Research Article | Open Access

Volume 2016 | Article ID 3136024 | https://doi.org/10.1155/2016/3136024

In Silico Approach for SAR Analysis of the Predicted Model of DEPDC1B: A Novel Target for Oral Cancer

Palak Ahuja¹and Kailash Singh²

Academic Editor: Huixiao Hong

Received24 Oct 2015

Revised07 Jan 2016

Accepted10 Jan 2016

Published29 Feb 2016

Abstract

With the incidence rate of oral carcinogenesis increasing in the Southeast-Asian countries, due to increase in the consumption of tobacco and betel quid as well as infection from human papillomavirus, specifically type 16, it becomes crucial to predict the transition of premalignant lesion to cancerous tissue at an initial stage in order to control the process of oncogenesis. DEPDC1B, downregulated in the presence of E2 protein, was recently found to be overexpressed in oral cancer, which can possibly be explained by the disruption of the E2 open reading frame upon the integration of viral genome into the host genome. DEPDC1B mediates its effect by directly interacting with Rac1 protein, which is known to regulate important cell signaling pathways. Therefore, DEPDC1B can be a potential biomarker as well as a therapeutic target for diagnosing and curing the disease. However, the lack of 3D model of the structure makes the utilization of DEPDC1B as a therapeutic target difficult. The present study focuses on the prediction of a suitable 3D model of the protein as well as the analysis of protein-protein interaction between DEPDC1B and Rac1 protein using PatchDock web server along with the identification of allosteric or regulatory sites of DEPDC1B.

1. Introduction

The association of cervical carcinomas with human papillomaviruses (HPVs), a group of small DNA viruses, was first recognized by Meisels et al. [1, 2]. Apart from being associated with cervical carcinomas, human papillomaviruses, particularly type 16, were found to be one of the major causes of oral squamous cell carcinoma (OSCC), which is the sixth most common cancer worldwide [3–5].

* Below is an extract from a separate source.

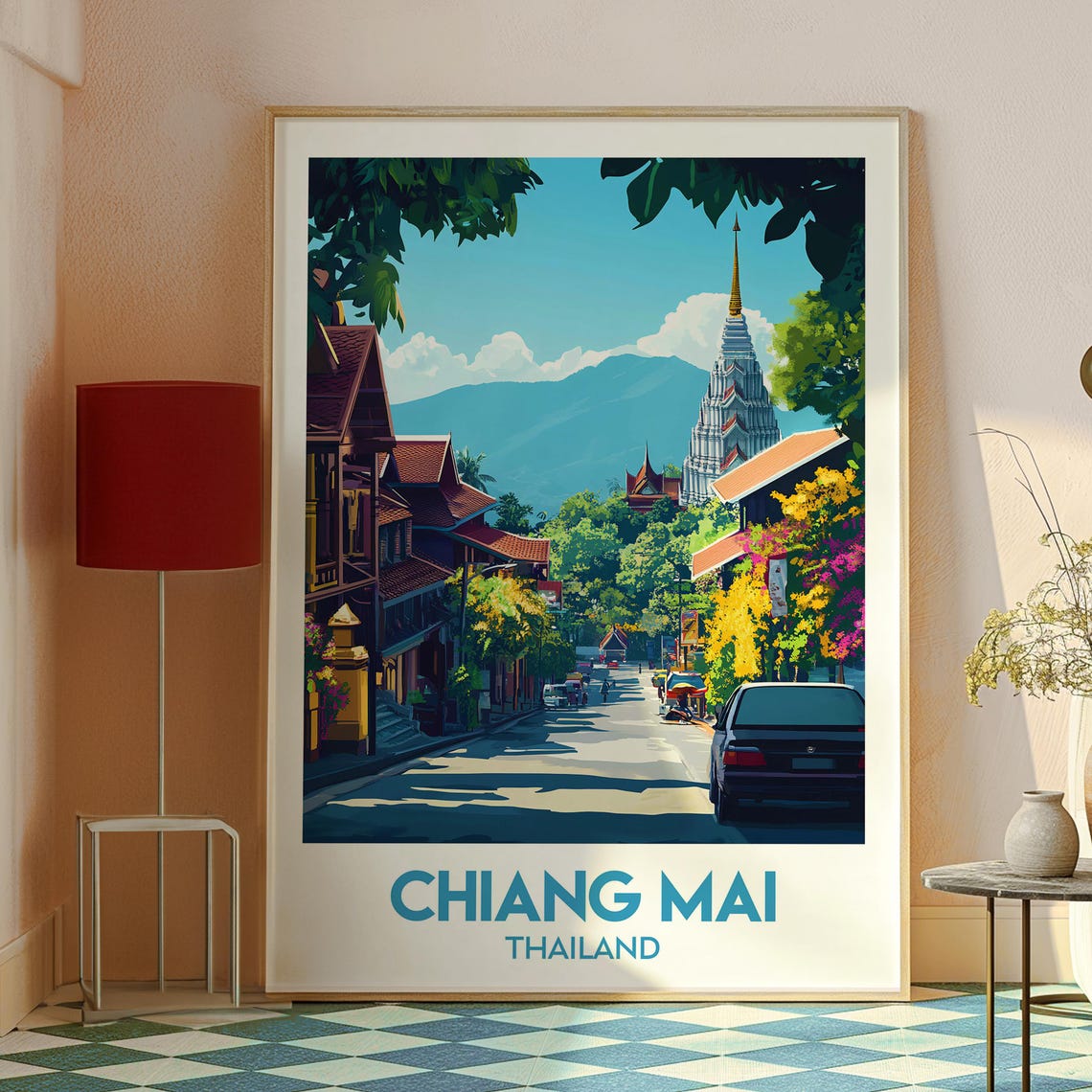 Chiang Mai Print Thailand Wall Art Travel The Mountain Poster Backpacking Gift For Traveller - Image 2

At a molecular genetic level, the high risk HPV 16 positive oral squamous cell carcinomas are known to express the E6 and E7 gene products which are recognized for their oncogenic potential. The E6 gene product tends to either associate with p53, forming a stable complex to promote the proteolytic degradation of p53, or downregulate the activity of effective p53 via targeting CBP/p300 (transcriptional coactivator) and therefore interferes with its function and deregulates the cell cycle [6–8]. In addition, E7 protein binds to a tumor suppressor protein, pRb, resulting in the activation of E2F (transcription factor) which further stimulates the expression of proteins critical for DNA replication [9, 10]. Normally, this unprepared onset of S-phase results in the initiation of apoptosis via p53, which, however, will not be initiated in the case of HPV infected cells owing to p53 inactivation by the viral E6 protein [11]. The regulation of the E6 and E7 gene products is mediated by another viral protein, E2. E2 is known to interact with the two E2 DNA binding sites residing in close proximity with E6/E7 promoter region [12–14]. Thus, HPV E2 being a repressor of viral oncogenic protein is termed as viral tumor suppressor, which, however, upon the integration of HPV 16/18 genome into the host genome results in the disruption of E1 and E2 open reading frames (ORF) followed by unregulated transcription of the oncogenic proteins, E6 and E7. This upregulated transcription therefore results in the initiation of oral oncogenesis [15].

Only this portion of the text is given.